第31話 リバーサイド・チェイス
「どうやら蹴散らした連中は追ってこないようだな」
医療施設の敷地を出てジーナたちの居場所へ移動しながら、俺は後方の気配を確かめた。
「ピート、赤い印の場所まであと少しよ。姿を見かけたら合図して」
無人の往来を抜け、角を三つほど折れたところでキャサリンが言った。
「わかった。ガフは俺でなくてもわかるほどクラシックなタイプの車だ」
死んでも見逃すまい、そう胸に言い聞かせながら俺はガフたちのいる小路を目で探した。
「あそこを右に折れた場所が、マーカーの位置だわ」
あそこか、二人が三日間、隠れていたのは。俺が曲がり角に目線をやった、その時だった。

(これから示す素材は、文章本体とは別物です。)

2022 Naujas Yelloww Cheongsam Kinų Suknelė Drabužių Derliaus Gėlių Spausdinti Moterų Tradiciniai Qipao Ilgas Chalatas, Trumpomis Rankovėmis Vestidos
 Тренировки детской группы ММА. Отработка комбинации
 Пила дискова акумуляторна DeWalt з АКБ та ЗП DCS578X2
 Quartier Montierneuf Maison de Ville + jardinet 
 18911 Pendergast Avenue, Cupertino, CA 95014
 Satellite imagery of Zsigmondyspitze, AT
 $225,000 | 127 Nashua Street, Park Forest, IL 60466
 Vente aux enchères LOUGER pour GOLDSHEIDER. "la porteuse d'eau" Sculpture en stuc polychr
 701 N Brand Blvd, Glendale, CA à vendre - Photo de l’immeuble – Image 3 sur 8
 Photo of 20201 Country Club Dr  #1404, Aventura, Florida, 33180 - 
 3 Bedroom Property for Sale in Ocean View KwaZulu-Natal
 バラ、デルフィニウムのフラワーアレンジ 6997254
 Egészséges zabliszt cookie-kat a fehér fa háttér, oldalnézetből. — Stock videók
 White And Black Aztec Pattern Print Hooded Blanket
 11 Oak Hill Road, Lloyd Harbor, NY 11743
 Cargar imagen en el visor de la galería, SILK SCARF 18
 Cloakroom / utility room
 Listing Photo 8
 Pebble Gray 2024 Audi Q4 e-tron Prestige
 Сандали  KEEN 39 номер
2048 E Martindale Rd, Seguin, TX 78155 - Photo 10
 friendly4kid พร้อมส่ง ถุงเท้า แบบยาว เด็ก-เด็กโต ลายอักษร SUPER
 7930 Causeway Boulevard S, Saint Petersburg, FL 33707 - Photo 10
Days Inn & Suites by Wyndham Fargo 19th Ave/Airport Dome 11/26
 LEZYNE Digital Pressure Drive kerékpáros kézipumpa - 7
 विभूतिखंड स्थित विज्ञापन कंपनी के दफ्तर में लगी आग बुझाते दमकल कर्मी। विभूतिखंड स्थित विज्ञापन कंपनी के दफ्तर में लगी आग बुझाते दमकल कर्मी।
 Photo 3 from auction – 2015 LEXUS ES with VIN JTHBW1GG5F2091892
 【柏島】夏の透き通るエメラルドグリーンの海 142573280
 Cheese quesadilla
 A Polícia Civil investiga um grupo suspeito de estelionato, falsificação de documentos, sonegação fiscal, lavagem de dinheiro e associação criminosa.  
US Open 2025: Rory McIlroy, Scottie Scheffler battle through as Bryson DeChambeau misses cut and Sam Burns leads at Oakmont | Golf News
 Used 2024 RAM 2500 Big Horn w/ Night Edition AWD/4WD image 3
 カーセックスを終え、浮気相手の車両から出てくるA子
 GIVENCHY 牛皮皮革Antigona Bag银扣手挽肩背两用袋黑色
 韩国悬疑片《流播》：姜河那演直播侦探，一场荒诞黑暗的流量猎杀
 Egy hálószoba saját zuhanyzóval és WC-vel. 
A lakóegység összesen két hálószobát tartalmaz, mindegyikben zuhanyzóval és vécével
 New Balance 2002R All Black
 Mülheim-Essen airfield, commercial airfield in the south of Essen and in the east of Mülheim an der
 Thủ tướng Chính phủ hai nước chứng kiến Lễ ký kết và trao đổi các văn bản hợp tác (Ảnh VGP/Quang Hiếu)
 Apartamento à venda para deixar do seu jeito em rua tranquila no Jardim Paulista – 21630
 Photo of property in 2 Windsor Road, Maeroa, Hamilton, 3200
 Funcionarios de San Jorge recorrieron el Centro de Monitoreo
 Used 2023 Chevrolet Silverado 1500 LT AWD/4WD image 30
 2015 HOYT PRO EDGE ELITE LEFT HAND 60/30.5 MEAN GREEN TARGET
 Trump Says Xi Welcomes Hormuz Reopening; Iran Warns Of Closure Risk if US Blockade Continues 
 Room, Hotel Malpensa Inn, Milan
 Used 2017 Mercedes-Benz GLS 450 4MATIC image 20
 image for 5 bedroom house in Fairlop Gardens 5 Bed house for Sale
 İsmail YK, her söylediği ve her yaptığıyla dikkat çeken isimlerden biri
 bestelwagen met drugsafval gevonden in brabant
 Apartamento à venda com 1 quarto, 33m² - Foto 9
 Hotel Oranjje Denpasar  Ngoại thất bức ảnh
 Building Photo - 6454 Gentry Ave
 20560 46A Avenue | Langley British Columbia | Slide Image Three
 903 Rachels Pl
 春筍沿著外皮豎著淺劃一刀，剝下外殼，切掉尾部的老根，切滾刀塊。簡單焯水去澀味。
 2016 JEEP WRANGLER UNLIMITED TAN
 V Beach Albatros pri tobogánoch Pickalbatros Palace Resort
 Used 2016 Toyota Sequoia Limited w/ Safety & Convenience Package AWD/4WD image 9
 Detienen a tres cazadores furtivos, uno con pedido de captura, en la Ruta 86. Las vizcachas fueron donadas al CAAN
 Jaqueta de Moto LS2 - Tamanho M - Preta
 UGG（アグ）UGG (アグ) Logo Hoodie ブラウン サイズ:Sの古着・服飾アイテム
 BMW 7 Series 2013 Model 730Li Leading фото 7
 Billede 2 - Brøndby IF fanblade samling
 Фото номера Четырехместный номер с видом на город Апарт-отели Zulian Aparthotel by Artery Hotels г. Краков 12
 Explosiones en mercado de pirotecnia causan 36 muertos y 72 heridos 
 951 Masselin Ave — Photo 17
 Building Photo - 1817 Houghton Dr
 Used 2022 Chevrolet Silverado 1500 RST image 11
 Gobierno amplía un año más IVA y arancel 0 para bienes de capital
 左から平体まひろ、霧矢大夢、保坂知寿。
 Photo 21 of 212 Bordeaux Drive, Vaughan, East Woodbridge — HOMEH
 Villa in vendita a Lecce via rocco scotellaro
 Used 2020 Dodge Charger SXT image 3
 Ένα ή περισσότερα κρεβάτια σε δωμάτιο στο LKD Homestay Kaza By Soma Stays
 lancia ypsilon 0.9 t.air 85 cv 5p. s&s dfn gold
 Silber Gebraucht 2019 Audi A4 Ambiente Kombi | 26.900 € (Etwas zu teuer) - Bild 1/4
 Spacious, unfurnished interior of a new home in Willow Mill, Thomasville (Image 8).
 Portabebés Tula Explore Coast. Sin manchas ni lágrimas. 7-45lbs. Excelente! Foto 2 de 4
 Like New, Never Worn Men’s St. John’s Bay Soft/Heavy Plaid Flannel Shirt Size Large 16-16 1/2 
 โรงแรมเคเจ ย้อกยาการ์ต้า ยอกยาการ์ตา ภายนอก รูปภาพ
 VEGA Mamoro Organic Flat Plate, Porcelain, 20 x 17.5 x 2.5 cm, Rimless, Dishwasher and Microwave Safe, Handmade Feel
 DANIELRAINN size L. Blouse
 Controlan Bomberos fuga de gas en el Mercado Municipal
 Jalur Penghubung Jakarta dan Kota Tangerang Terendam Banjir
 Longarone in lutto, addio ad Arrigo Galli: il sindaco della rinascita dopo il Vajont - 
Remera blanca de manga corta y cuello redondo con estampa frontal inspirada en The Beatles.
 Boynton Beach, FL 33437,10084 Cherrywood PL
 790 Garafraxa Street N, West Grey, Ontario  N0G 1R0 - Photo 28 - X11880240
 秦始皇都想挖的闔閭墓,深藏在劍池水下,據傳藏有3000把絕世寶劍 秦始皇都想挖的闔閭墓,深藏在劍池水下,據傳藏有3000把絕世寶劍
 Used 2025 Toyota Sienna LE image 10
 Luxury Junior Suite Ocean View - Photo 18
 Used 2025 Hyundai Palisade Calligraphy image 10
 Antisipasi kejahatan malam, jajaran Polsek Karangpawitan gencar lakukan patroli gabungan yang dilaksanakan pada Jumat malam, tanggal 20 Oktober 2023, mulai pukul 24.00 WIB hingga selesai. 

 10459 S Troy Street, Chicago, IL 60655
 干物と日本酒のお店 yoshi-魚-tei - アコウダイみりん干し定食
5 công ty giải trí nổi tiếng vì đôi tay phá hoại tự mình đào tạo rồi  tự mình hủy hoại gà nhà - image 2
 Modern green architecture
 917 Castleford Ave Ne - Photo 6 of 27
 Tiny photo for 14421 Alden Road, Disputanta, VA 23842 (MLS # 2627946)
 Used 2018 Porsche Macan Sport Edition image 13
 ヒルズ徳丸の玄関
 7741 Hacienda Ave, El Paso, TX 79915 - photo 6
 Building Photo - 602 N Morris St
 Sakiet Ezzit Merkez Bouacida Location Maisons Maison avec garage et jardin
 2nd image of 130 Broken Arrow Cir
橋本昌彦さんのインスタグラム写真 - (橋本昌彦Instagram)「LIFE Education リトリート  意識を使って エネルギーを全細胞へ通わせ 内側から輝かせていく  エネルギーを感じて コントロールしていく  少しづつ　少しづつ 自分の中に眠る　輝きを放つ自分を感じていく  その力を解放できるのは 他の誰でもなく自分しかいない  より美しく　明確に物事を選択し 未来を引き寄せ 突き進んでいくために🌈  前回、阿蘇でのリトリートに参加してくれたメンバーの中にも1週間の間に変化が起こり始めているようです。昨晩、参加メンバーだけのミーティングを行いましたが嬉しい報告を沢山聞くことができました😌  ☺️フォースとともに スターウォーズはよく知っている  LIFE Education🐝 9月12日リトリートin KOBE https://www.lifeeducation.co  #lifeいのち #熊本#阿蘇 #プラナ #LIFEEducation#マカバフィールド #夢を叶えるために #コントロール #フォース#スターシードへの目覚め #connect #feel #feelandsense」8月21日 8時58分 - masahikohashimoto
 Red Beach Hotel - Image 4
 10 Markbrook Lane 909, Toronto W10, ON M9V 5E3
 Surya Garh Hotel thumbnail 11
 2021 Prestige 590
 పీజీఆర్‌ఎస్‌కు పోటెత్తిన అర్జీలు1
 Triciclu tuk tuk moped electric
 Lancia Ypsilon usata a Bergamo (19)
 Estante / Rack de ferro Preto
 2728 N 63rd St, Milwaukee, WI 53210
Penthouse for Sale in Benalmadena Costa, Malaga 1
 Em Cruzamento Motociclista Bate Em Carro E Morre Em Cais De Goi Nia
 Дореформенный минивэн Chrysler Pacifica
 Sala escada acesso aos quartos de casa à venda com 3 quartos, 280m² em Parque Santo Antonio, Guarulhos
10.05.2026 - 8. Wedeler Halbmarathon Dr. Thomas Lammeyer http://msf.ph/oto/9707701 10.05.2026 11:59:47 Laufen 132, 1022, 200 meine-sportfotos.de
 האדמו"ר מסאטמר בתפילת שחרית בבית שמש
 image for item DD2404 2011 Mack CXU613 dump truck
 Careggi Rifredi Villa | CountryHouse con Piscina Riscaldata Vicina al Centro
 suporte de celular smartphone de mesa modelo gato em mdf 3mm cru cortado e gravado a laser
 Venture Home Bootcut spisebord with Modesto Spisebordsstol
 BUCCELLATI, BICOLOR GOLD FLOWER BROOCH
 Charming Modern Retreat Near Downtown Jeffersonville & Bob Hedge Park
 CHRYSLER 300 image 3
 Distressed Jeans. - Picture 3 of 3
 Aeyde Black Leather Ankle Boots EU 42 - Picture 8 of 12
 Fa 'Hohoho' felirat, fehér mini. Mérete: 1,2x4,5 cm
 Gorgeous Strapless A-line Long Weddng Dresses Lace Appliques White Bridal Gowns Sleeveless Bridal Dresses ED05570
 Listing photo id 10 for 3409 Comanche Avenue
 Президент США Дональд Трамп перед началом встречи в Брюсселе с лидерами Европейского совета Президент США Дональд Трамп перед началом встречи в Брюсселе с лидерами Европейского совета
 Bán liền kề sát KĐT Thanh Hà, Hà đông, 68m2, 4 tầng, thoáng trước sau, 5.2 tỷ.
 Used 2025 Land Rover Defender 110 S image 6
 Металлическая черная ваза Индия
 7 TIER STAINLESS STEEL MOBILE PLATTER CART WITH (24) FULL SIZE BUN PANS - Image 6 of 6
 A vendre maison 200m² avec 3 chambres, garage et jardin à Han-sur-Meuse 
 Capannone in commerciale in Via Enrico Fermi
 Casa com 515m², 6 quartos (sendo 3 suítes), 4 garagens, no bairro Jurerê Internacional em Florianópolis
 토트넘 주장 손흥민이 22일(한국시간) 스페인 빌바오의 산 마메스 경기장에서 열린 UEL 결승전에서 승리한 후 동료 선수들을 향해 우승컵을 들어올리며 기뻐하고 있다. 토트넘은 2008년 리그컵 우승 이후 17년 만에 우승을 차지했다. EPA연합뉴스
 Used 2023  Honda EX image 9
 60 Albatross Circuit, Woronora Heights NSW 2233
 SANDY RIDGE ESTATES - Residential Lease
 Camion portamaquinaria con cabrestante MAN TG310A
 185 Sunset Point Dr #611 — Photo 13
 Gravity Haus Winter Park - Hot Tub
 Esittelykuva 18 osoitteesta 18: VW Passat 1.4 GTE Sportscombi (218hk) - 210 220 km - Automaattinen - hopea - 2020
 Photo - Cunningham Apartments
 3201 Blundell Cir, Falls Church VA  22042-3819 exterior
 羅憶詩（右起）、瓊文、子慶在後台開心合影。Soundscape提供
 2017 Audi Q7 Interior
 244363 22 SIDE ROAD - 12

急いたようにアクセルを踏みこむ音と共に、角から見覚えのある車両が姿を見せた。
――ガフ?
キャサリンが急ブレーキを踏むのとほぼ同時に、ガフを追うように角からパトカーが姿を現した。思わず後ろから中を覗きこんだ俺は「APだ!」と叫んでいた。
「あのパトカーを追ってくれ、キャサリン」
「オーケー、ボス」
俺が叫ぶと、キャサリンはいきなり加速を始めた。一瞬だが、パトカーのリアウィンドウからジーナの背中が素通しで見えた。ということはつまり、あのパトカーは人間の乗っていないAPだということだ。
「ピート、見つかっちまった!とりあえず逃げるよ」
ジーナの切迫した声が端末から飛びだした。俺は「後ろのパトカーだな?俺たちも追ってる最中だ。少しの間、頑張って持ちこたえてくれ」と早口で応じた。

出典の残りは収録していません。